But there is cause for alarm in the Philip Morris bid to acquire Kraft, in what would be the second largest merger in U.S. history. At the moment, Kraft officials are opposed to the takeover, but they may not be able to withstand a $90 per share offer. That bid is $30 higher than the $60 per share stock market price quoted earlier this week.If the merger takes place, it would leave Philip Morris as the world's largest maker of consumer goods and a giant in the American food industry. Philip Morris already owns General Foods, which it purchased in 1985 for $5.6 billion.

Big firms are not automatically bad firms. Even so, there's room for wondering if the tobacco company might abuse its expanded power.

Joe Tye, an official of a national program to discourage teen smoking, warns that the advertising and marketing clout acquired by the tobacco firm is ominous. Such heavy control over the food industry could be used to help the tobacco end of the business, or to punish anti-smoking entities.

For example, Tyne warns, some publications that now reject tobacco ads might reverse their policy rather than risk the loss of food-related advertising by the same company.

Also, would tobacco companies stoop to using their food industry power to coerce anti-smoking activities? They just might judging from some previous experience.

Earlier this year, the R.J. Reynolds Tobacco Co., which bought the food giant, Nabisco, in 1985 for $4.8 billion - and became RJR Nabisco - used its food industry clout in a way that outraged many people.

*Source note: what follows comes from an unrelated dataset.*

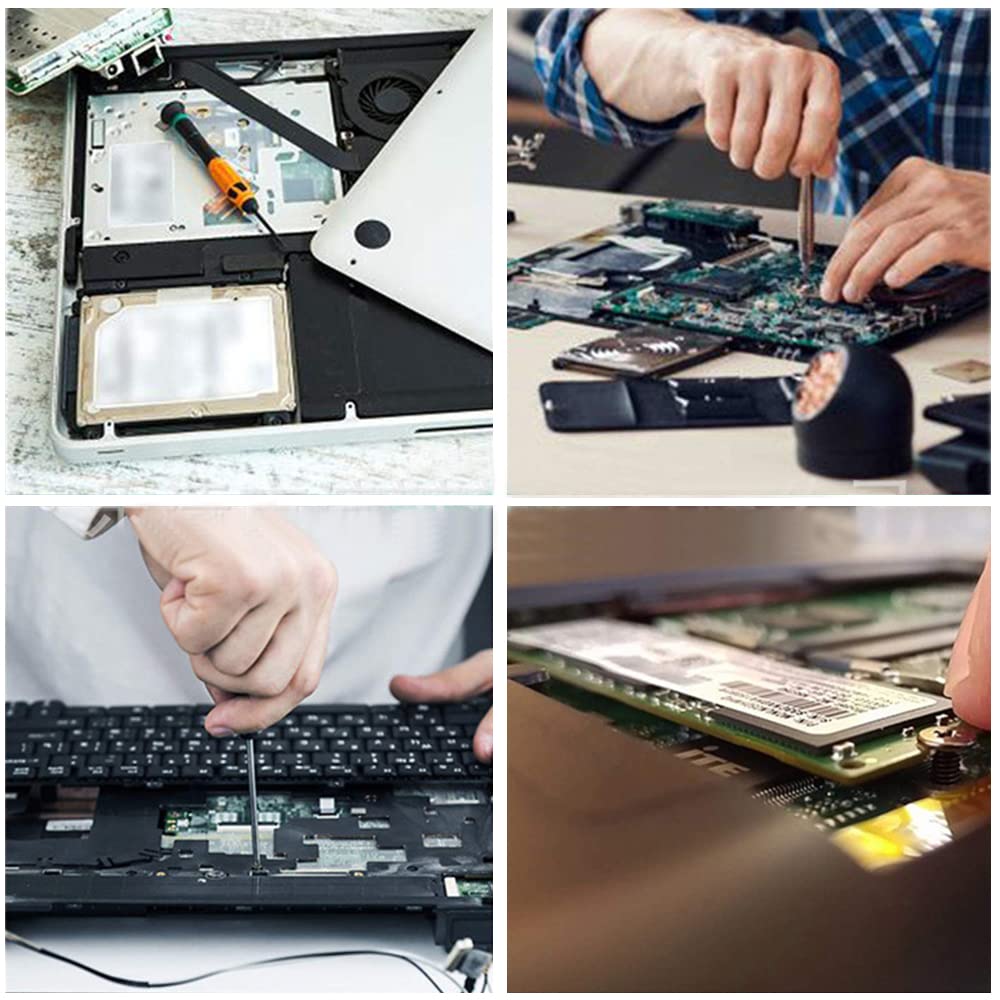 ネジセット 40本入り 1種類 M M.5 M3 ノート用ネジ 交換用ノートパソコンねじ 収納ケース付き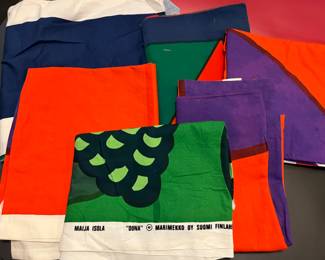 vintage Marimekko and Lilly Pulitzer fabric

An advertising company that handled the Nabisco food account, but no tobacco accounts, prepared an ad for another client, Northwest Airlines, promoting the airline's new non-smoking policy. The ad agency was promptly fired by RJR Nabisco, whose officials said they were going to get tough with entities having anything to do with anti-smoking efforts.

Is that the kind of control that Americans - 70 percent of whom are non-smokers - want over the nation's major food industries? The Justice Department should take a close look at the power tobacco companies are gaining through gigantic mergers.